SUPPLIED DATA →
▬▬▬

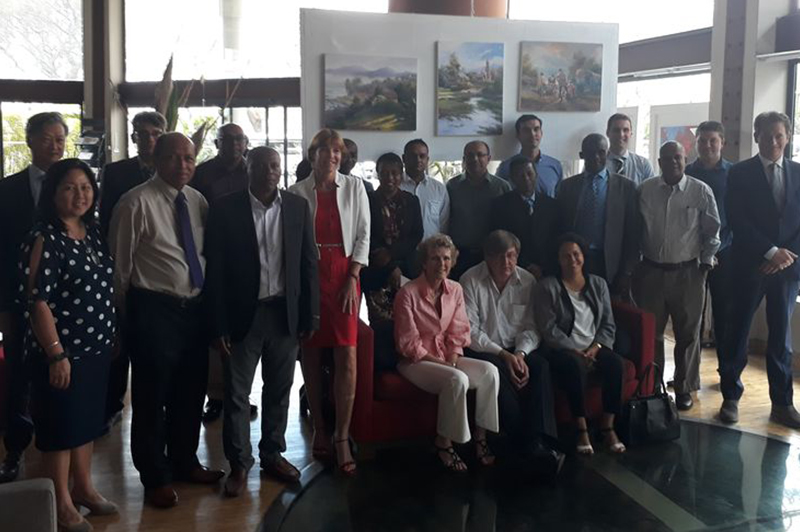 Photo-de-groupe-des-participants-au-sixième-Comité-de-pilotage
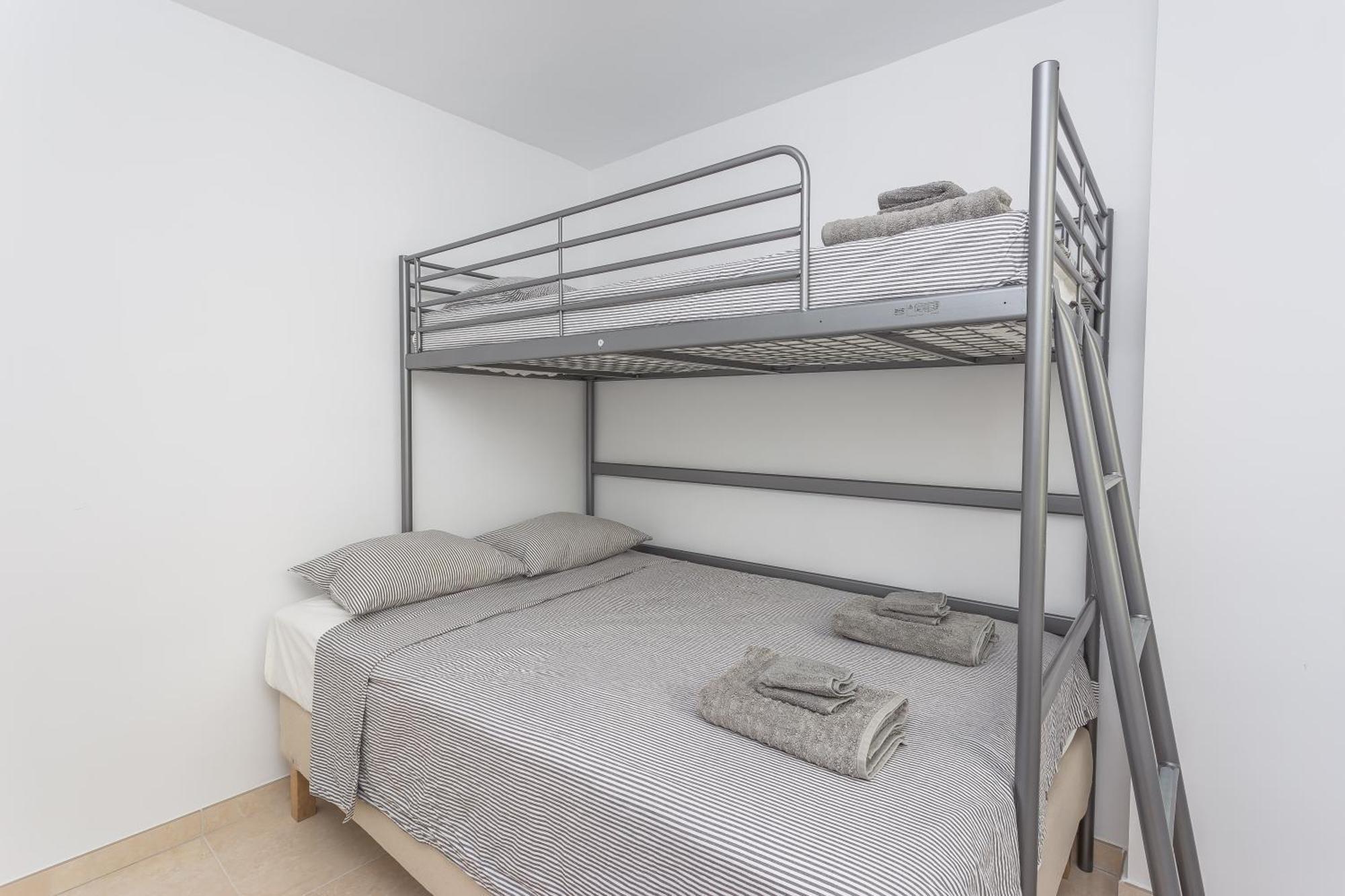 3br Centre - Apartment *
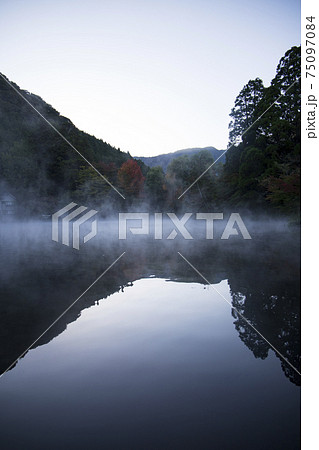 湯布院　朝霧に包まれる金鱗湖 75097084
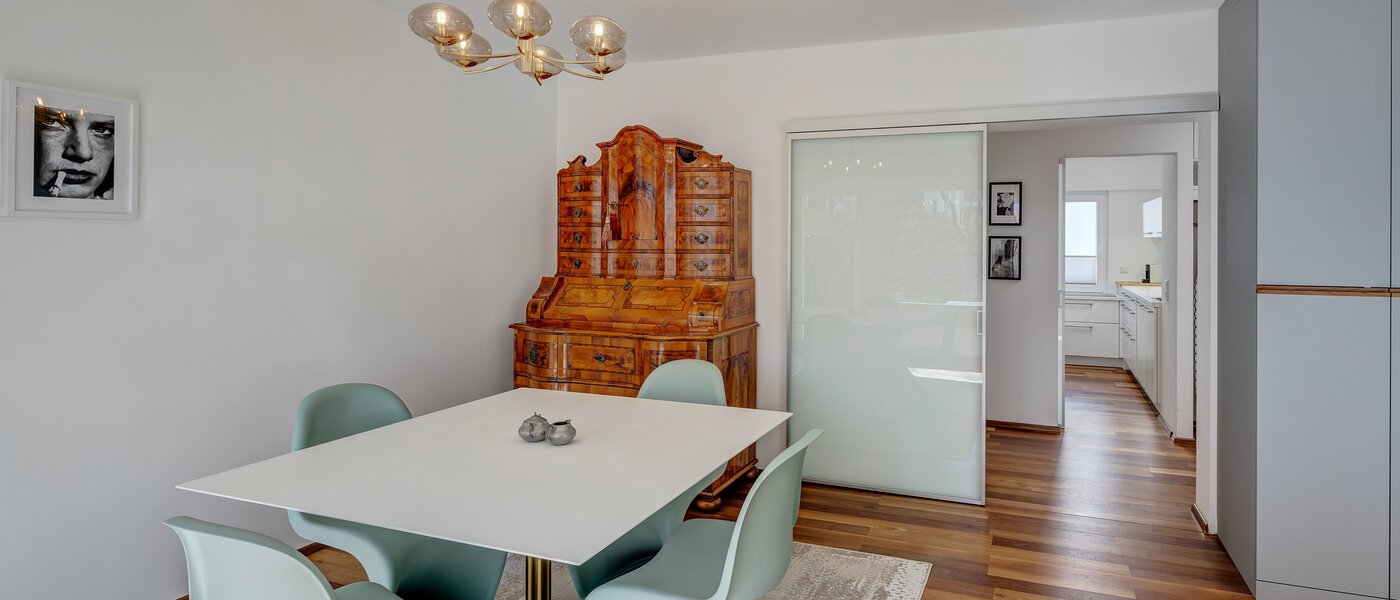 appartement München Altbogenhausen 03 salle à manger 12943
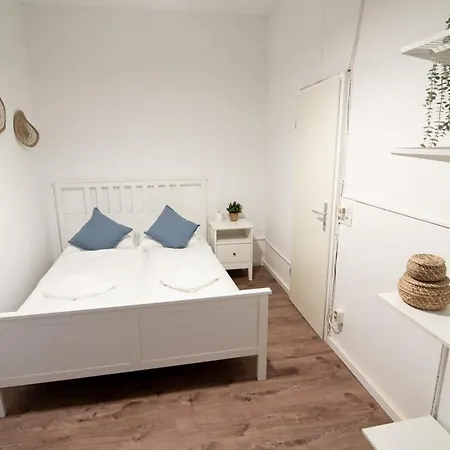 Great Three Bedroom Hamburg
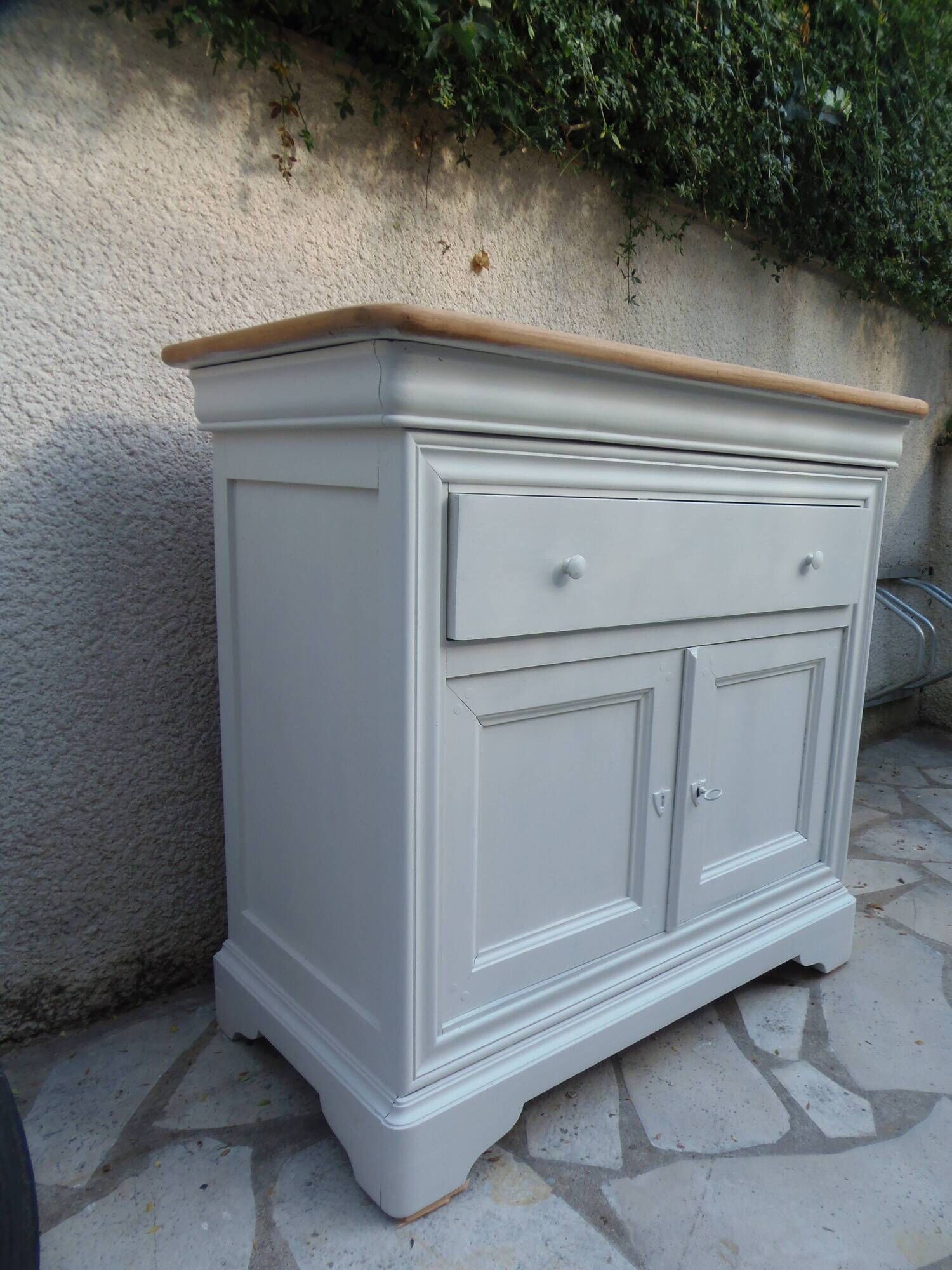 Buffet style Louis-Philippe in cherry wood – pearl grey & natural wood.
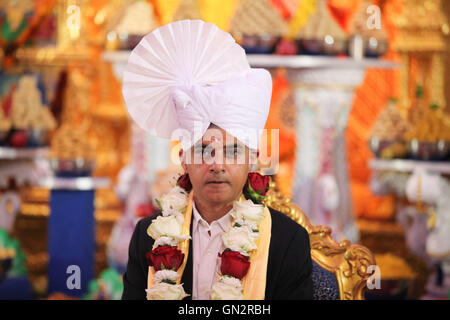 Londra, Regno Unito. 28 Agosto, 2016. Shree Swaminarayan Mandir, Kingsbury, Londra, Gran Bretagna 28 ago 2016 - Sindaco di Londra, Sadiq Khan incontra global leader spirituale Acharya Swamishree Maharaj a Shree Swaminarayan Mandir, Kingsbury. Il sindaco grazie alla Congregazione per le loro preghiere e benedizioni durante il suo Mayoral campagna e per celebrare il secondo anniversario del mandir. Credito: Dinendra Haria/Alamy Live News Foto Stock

▬▬▬

Using the entries above, transcribe exactly from the line that has "appartement München Altbogenhausen" through the line that has "Buffet style Louis-Philippe". Pictures are dropped.

TASK ANSWER →
 appartement München Altbogenhausen 03 salle à manger 12943
 Great Three Bedroom Hamburg
 Buffet style Louis-Philippe in cherry wood – pearl grey & natural wood.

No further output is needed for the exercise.